A second vismodegib trial, an investigator-initiated phase two study, boosted optimism even further when it was found that the drug can prevent new BCC tumors as well as shrink existing lesions. “We tested the drug on patients with basal cell nevus syndrome, also known as Gorlin syndrome,” said Jean Yuh Tang, MD, PhD, assistant professor of dermatology at Stanford University School of Medicine. “Some of these patients have really severe disease, with as many as 200 tumors. The only treatment options are Mohs surgery, standard excision, or electrodessication and curettage. These are all destructive and scarring, and a lot of our patients have significant morbidity because they’ve had so many surgeries.” Dr.
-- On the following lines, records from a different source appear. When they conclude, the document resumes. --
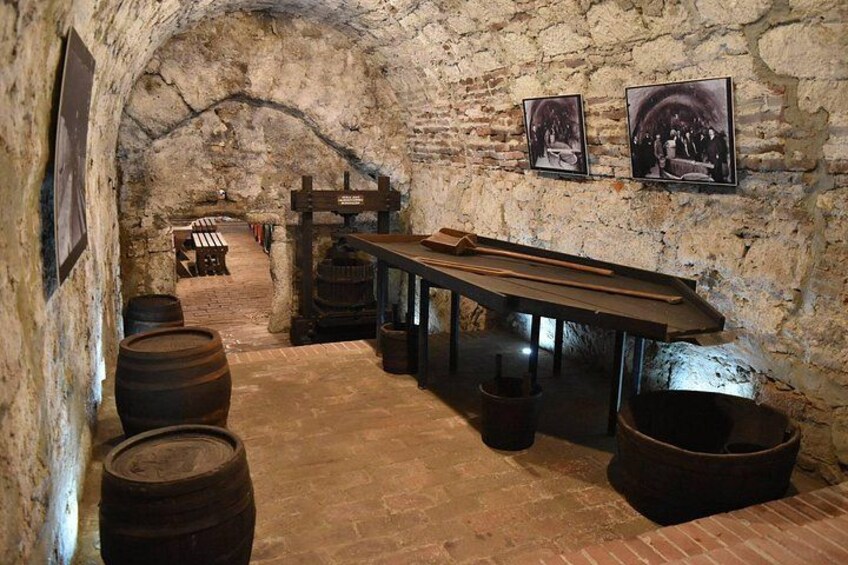 Une cave aux murs de pierre, avec des barils en bois, une longue table et deux tableaux encadrés accrochés au mur. 5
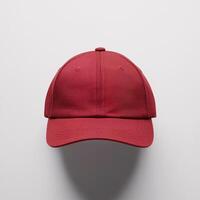 A stylish red cap displayed against a clean white background. photo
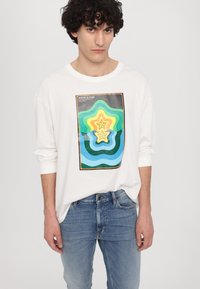 Hvit langermet t-skjorte med et fargerikt retro-stil grafikk med lagdelte former i grønne, blå og gule nyanser, kombinert med blå denim.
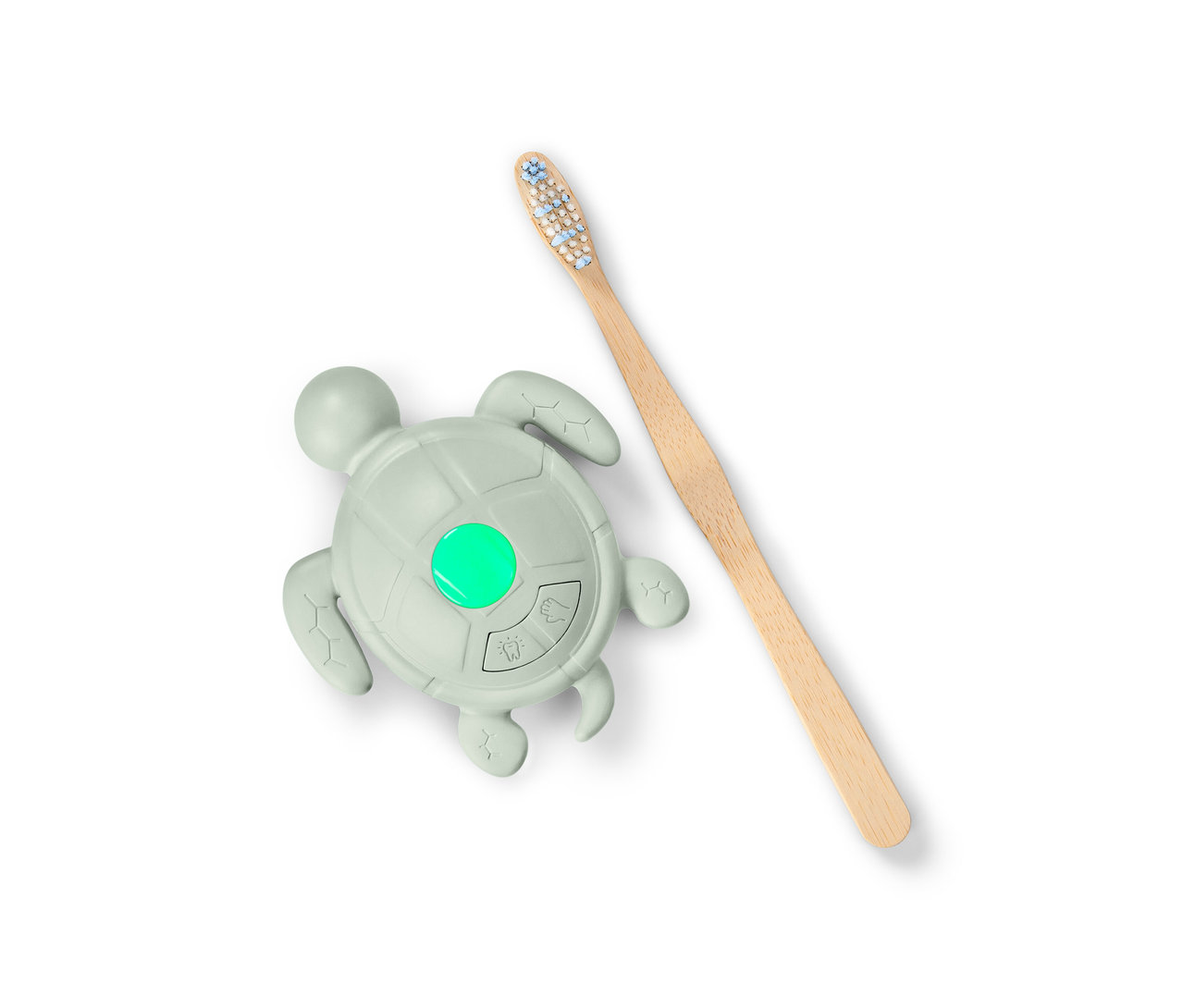 Ein Händewasch-und-Zahnputz-Timer in Schildkrötenform mit grünem Licht und eine Holzzahnbürste.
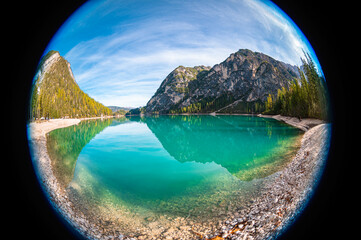 Fisheye view of turquoise colored Lake Braies in Italy's dolomite mountains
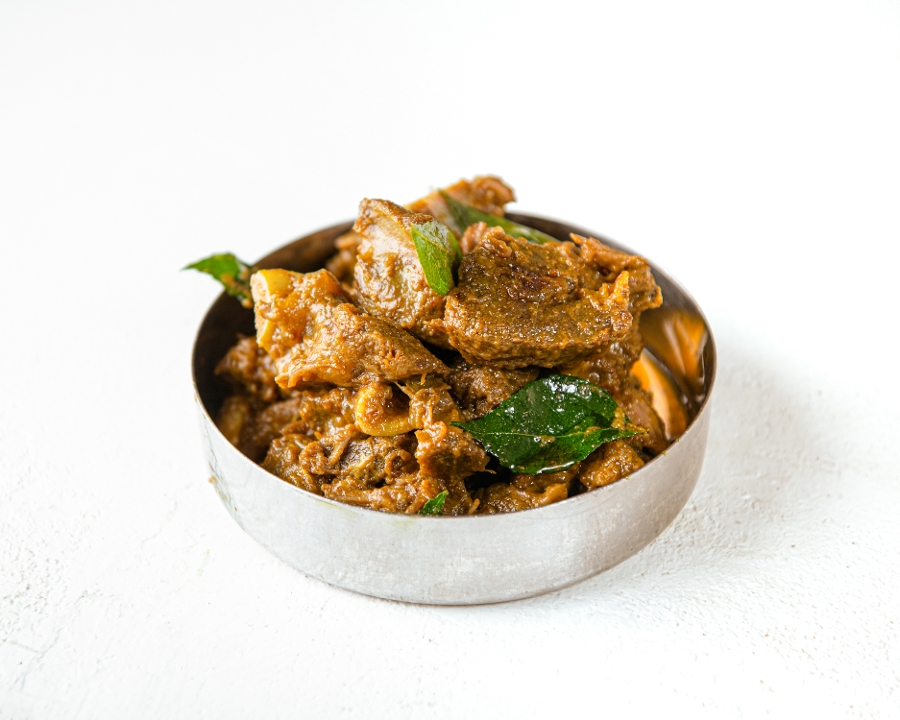 Order Travancore Goat Roast (GF) food online from Southern Spice store, Irvine on bringmethat.com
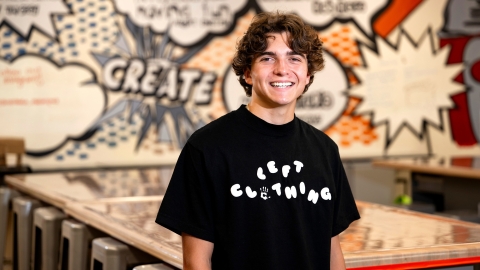 Mikey Brandt wears a black Tshirt with a LEFT Clothing logo printed across his chest. He is in a Makerspace with a graffiti-style wall design behind him.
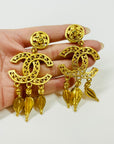 1980s CHANEL LARGE ARABESQUE TASSEL CC FILIGREE LOGO DROP CLIP ON EARRINGS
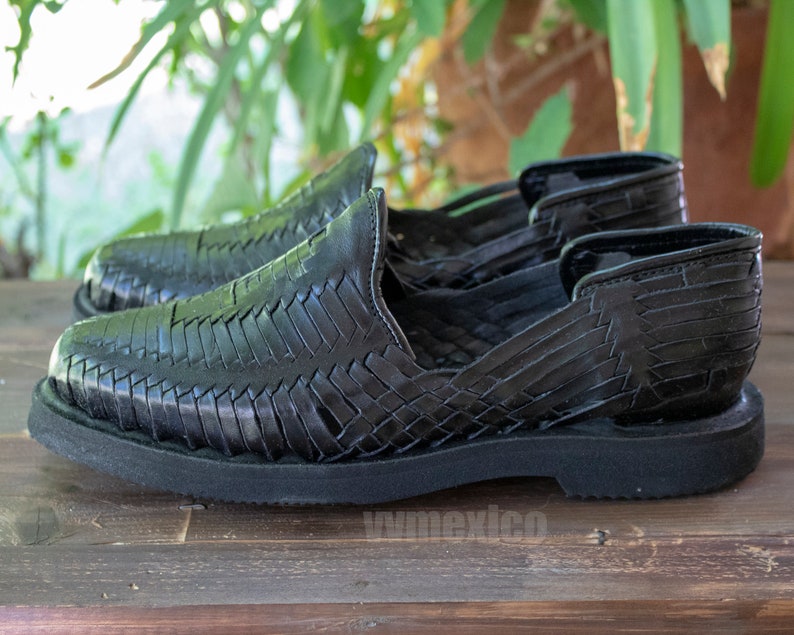 May include: Black leather sandals with a woven design and a thick black sole.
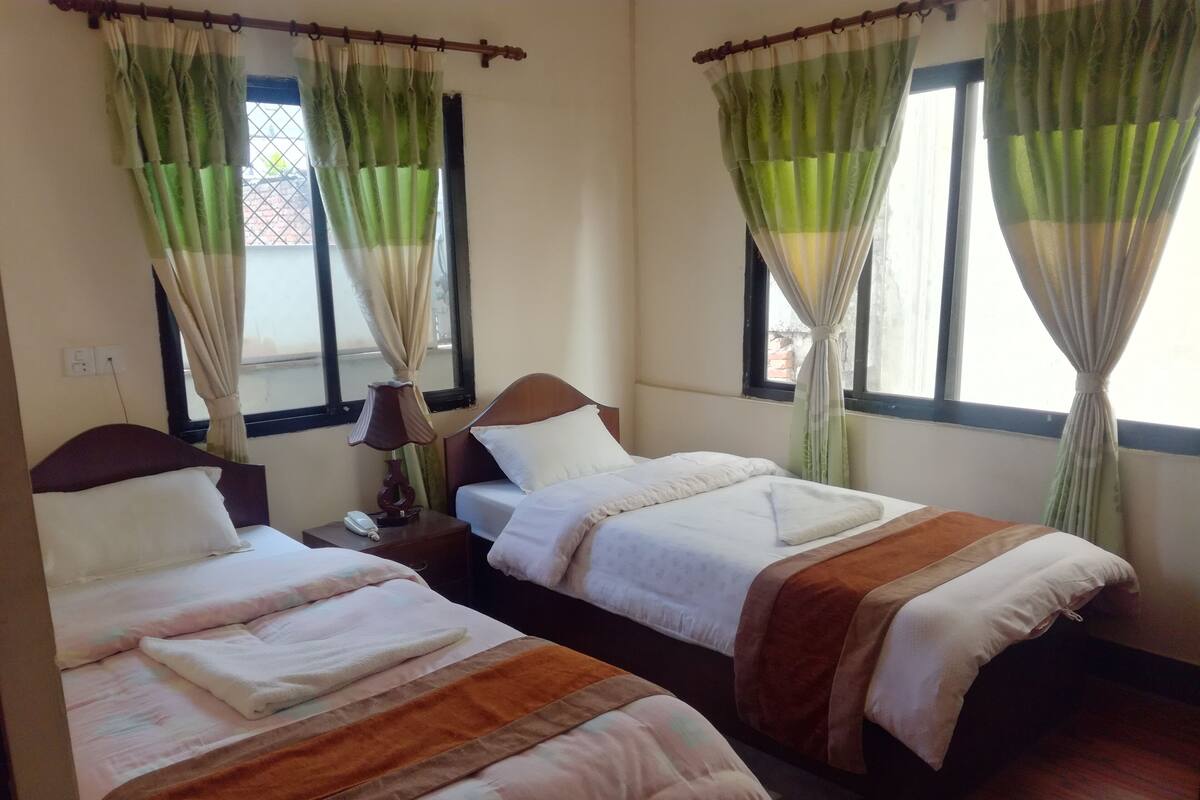 Habitación de hotel con dos camas individuales, una mesita de noche con lámpara y una ventana con cortinas verdes.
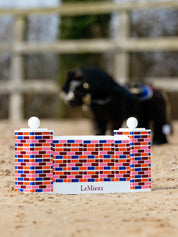 View of the LeMieux Toy Pony Puissance Wall in an arena with a toy pony in the background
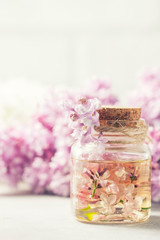 Glass jar with aroma oil and with lilac flowers for spa and aromatherapy. Spa concept.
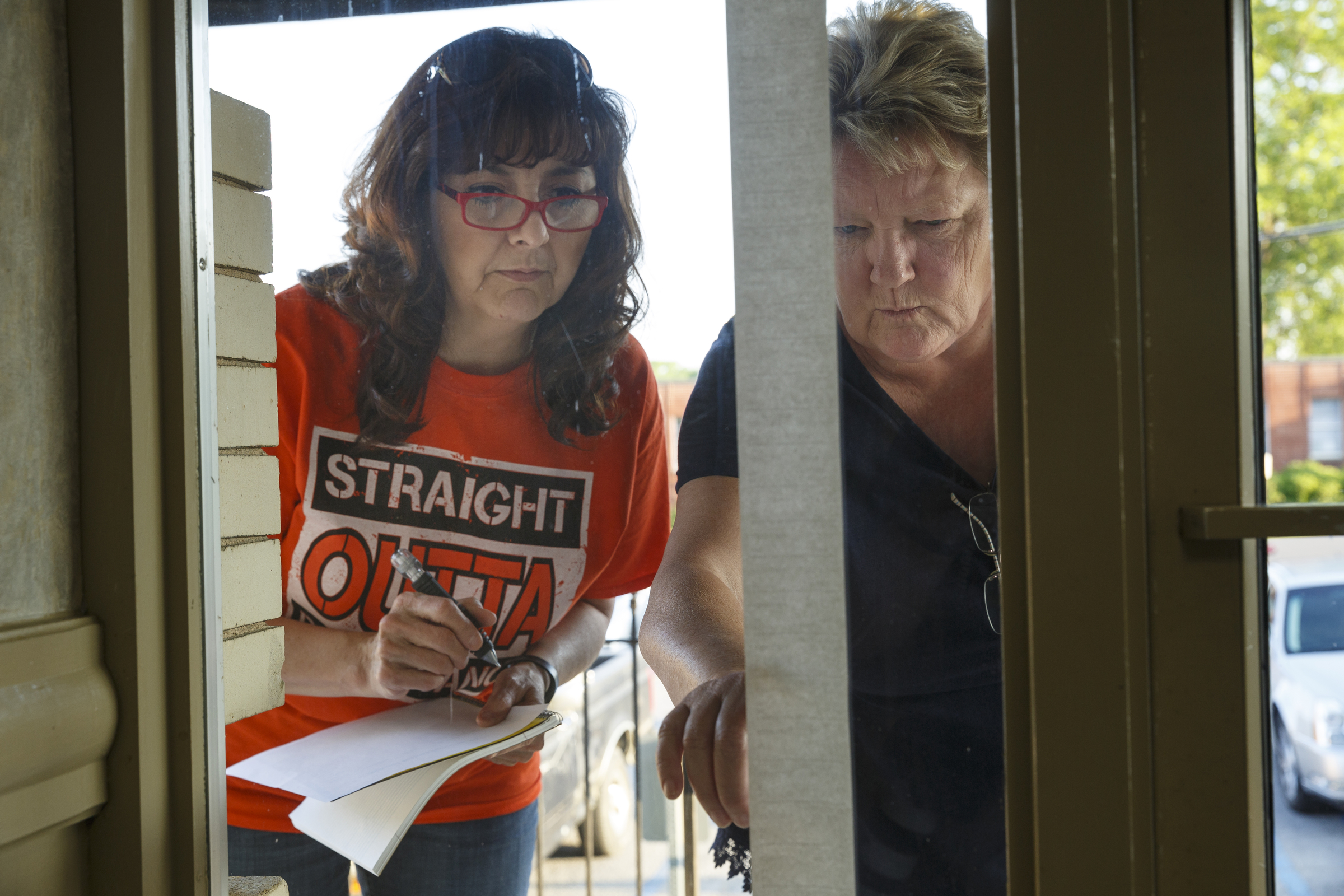 Janet Cobb, left, and Karen Stoker check posted election results on the courthouse window on primary election night at the Walker County Courthouse Tuesday, May 24, 2016, in Lafayette, Ga. GOP primary candidate Shannon Whitfield beat opponent Mike Peardon for his party's nomination and will face incumbent and former GOP member Bebe Heiskell in the fall for Walker County's sole commissioner's seat.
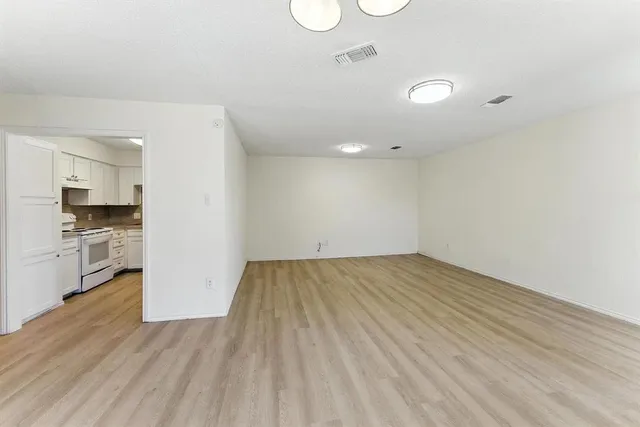 a view of empty room with wooden floor and stove
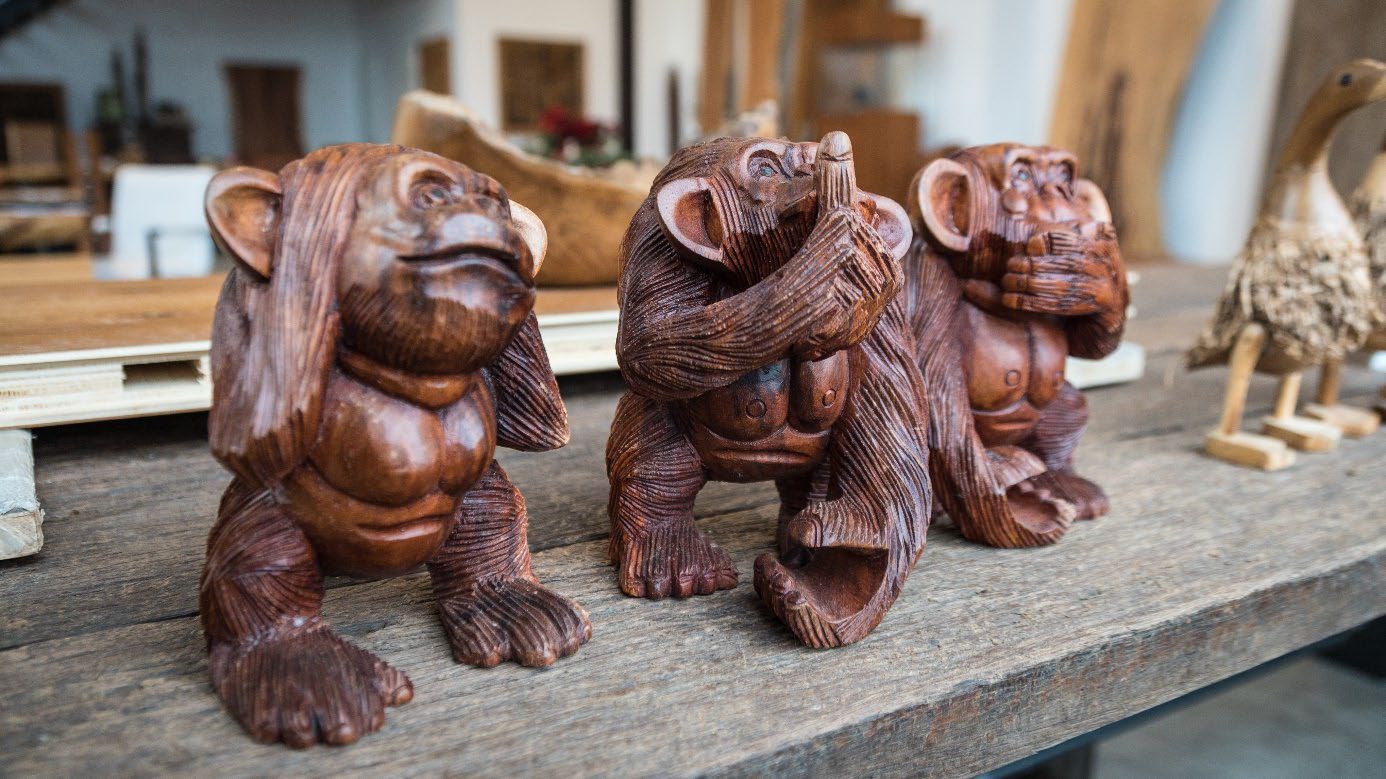 Geschnitzte Holzfiguren als Kunstobjekte im Außenbereich.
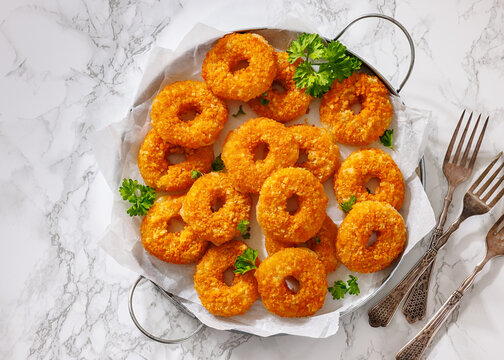 Crisp Gouda Rounds on a marble table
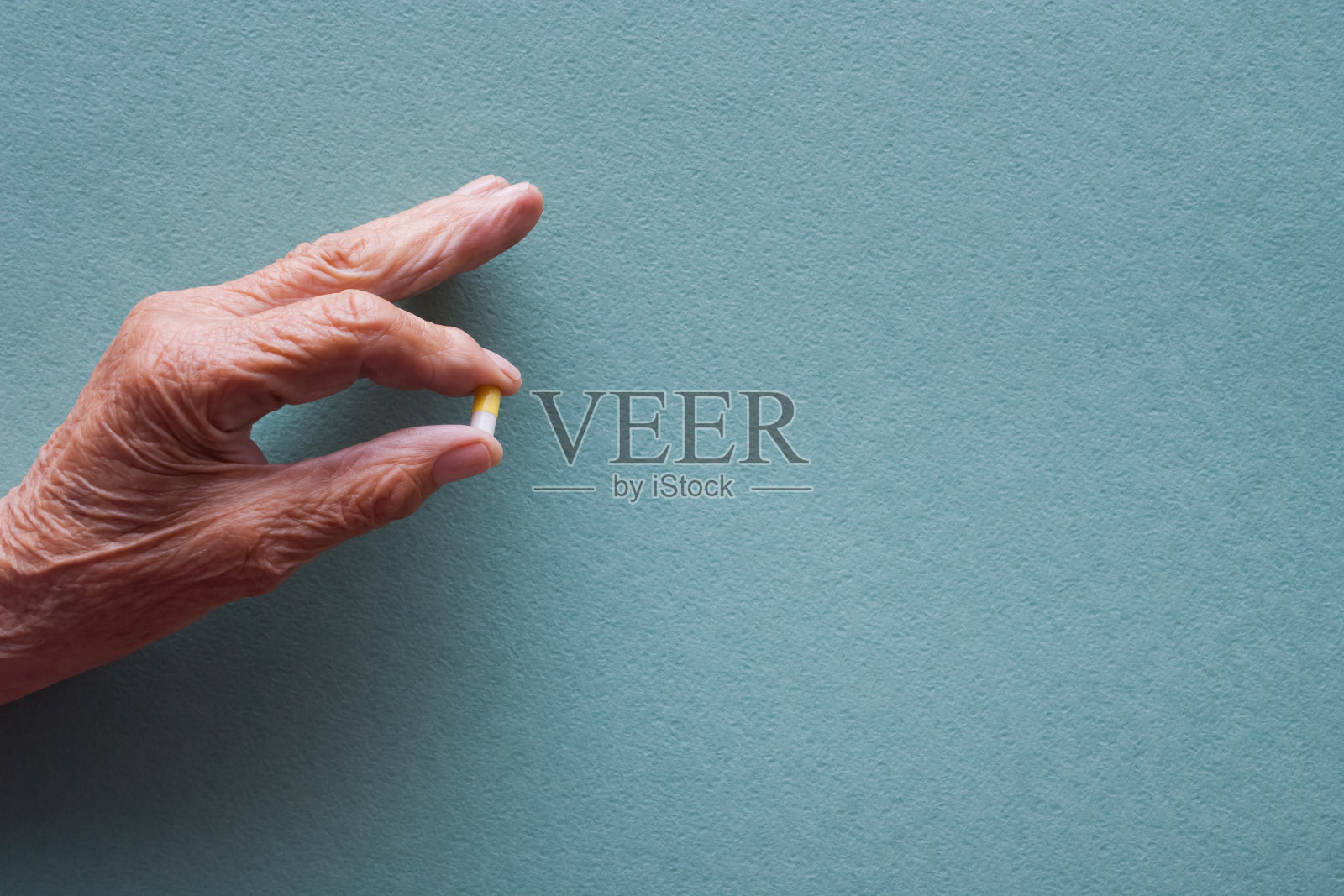 一个拿着药丸的老妇人的手。长寿的概念。老年疾病的治疗照片摄影图片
Tang and principal investigator Ervin Epstein, MD, enrolled 41 adults with BCNS and randomized the subjects to receive either vismodegib or placebo. “The data safety monitoring board met and voted to end the placebo trial because vismodegib had an overwhelmingly positive effect,” Dr. Tang said. “In patients treated with the drug, we saw about two new BCCs per year, while patients in the placebo group developed 29 new BCCS.” The aggregate size of existing BCCs in the treatment group decreased by 24 cm, compared to 3 cm in the placebo group. Interim results of the study were presented at the 2011 annual meeting of the American Academy of Dermatology. The results have been accepted for publication in Elsevier’s Seminars in Cutaneous Medicine and Surgery.
“Some patients had to take a break from the medication during the study because of the side effects: taste loss, muscle cramps, hair loss, and weight loss,” Dr. Tang said. “So we’re trying to figure out whether we should give the drug a few months on, a few months off. The good news is that while you’re on the drug the tumors are almost gone; the bad news is that after a certain period of discontinuing the drug the tumors start to reappear. The time to recurrence depends on how long the patient has been on the medication.” Dr. Tang said that with the drug approved for advanced and metastatic BCC, dermatologists might begin prescribing it off-label for their patients with BCNS. “It’s wonderful for these patients; it’s changed their lives, and they’re so grateful for it.”